Greg Gulley has been an Annapolis PAL Hawks football coach for nine years. He’s past commissioner of the organization and single dad to four kids, ages 9-19. We caught up with him this month to find out about his passion for football, his family and how he does it all. Here is an excerpt of our conversation.
1. Why do you coach?
There are not too many people in the city that played high school and college football and tried out for the NFL. (5 teams, never made it). Not many have been down the road I have, and I wanted to give my sons and others a chance to learn the game the right way, not the way it’s seen on TV.
2. How do you coach? What’s “the right way”?
I try to simplify it. Football is a lot like life. Your teammates have to depend on you, and you have to depend on them. There is a respect you have to maintain. You have to do right by the people around you, and they hold you accountable. As a football player, you have a job to do, just as a student has to go to school. I try to figure out a way to explain it so they understand what is expected on the football field. Football taught me so many life lessons. It teaches you to be accountable, to have a plan, to execute the plan and, if there is a bump in the road, you have to adjust the plan.

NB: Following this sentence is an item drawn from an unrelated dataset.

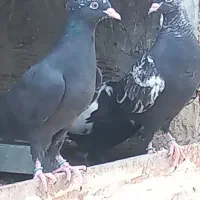 کبوتر سینه ای سینه سیاه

3. What do you like best about coaching?
The relationships you build with the kids. You see them grow and progress from point A to point B. It’s the best feeling to see a kid that wasn’t the best athlete when you first met them, but you instill confidence in them and see them get better. I love seeing a player that I coached as a 5-year-old make the high school team. They remember all the lessons they learned at 5 years old.
4. What’s your favorite age to coach?
I like coaching 5- and 6-year-olds because they are raw. Their mind is not contaminated by what’s on TV. At that age, it’s pure. They just want to have fun; they don’t want to be superstars. They just want to be part of something. There are so many distractions for kids nowadays — to make an impact at such a young age is gratifying.
5. What’s one thing parents do that annoys coaches?
Trying to coach without coaching. Those parents who sit on the sidelines yelling and screaming what we should do, and need to do, but don’t take time out to volunteer. If you have the knowledge, and clearly know more than me, feel free to come and take my place. That, and the parent who constantly yells at their child when I’m trying to work with them to teach them something. A lot of times, it’s not the parent but the grandparent or aunt or uncle who isn’t at practice every day and wants us to run like the Dallas Cowboys.
6. What’s your favorite team?
The Baltimore Ravens because of Ray Lewis. I played linebacker and Ray Lewis was an idol to me. He had such dedication to the game and passion. Since he’s retired, I stuck with the Ravens because they are the home team.
7. What do you do when you are not on the field?
Watch football. I love all kinds of football but professional is probably my favorite. Football is always on in the house — the NFL Network, ESPN, Fantasy Football. I get up in the morning and watch football.
I tell people football saved my life. Growing up, my mother was sick. She died when I was 13. Football was my only outlet. My dad was a state trooper, my older brother was running the streets and my younger brother was too young. When she was sick (she had Lou Gehrig’s Disease), I had to bathe her, get her out of bed, help her when the nurse wasn’t around. Football was it for me. It was my outlet.
I also love exercise, music, going to concerts and spending time with family.
8. Do you find it difficult to balance work, coaching and family?
Two years ago I did, but because I’ve reduced my role at PAL, it’s gotten a lot easier. I used to come home sore, tired and too exhausted to spend time with the family. It would stress me out, and my girlfriend was not too happy about that. One of the reasons I scaled back at PAL was because I wanted to make my family my main focus. But family also takes a lot of sacrifice. There was a time that three of my kids were all playing a sport. For a three-year span, we went from football to basketball to baseball with no breaks in between. Last year was the first time no one played baseball and it felt like I was on vacation.